A note on the action with the Schwarzian at the stretched horizon

TL;DR

This paper explores the quantization of a model associating boundary degrees of freedom to a black hole's stretched horizon, revealing issues with finiteness and thermodynamic contributions at one-loop level.

Contribution

It introduces a boundary path integral framework for non-extremal black holes and analyzes its quantum properties, highlighting differences from JT gravity.

Findings

One-loop boundary partition function is divergent.

The boundary degrees of freedom do not contribute to thermodynamics at one-loop.

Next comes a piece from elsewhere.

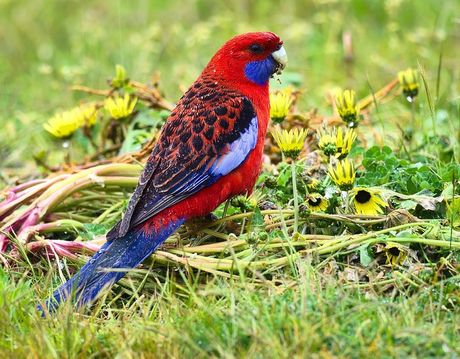 Ptice kućni ljubimci koji nisu za porodice sa decom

The model exhibits potential instability or indefiniteness issues.

Abstract

In this paper, we discuss the quantization of an interesting model of Carlip which appeared recently. It shows a way to associate boundary degrees of freedom to the stretched horizon of a stationary non-extremal black hole, as has been done in JT gravity for near-extremal black holes. The path integral now contains an integral over the boundary degrees of freedom, which are time reparametrizations of the stretched horizon keeping its length fixed. These boundary degrees of freedom can be viewed as elements of $Diff(S^1)/S^1$, which is the coadjoint orbit of an ordinary coadjoint vector under the action of the Virasoro group. From the symplectic form on this manifold, we obtain the measure in the boundary path integral. Doing a one-loop computation about the classical solution, we find that the one-loop answer is not finite, signalling that either the classical solution is unstable or there is an indefiniteness problem with this action, similar to the conformal mode problem in quantum gravity. Upon analytically continuing the field, the boundary partition function we get is independent of the inverse temperature and does not contribute to the thermodynamics at least at one-loop. This is in contrast to the study of near-extremal black holes in JT gravity, where the entire contribution to thermodynamics is from boundary degrees of freedom.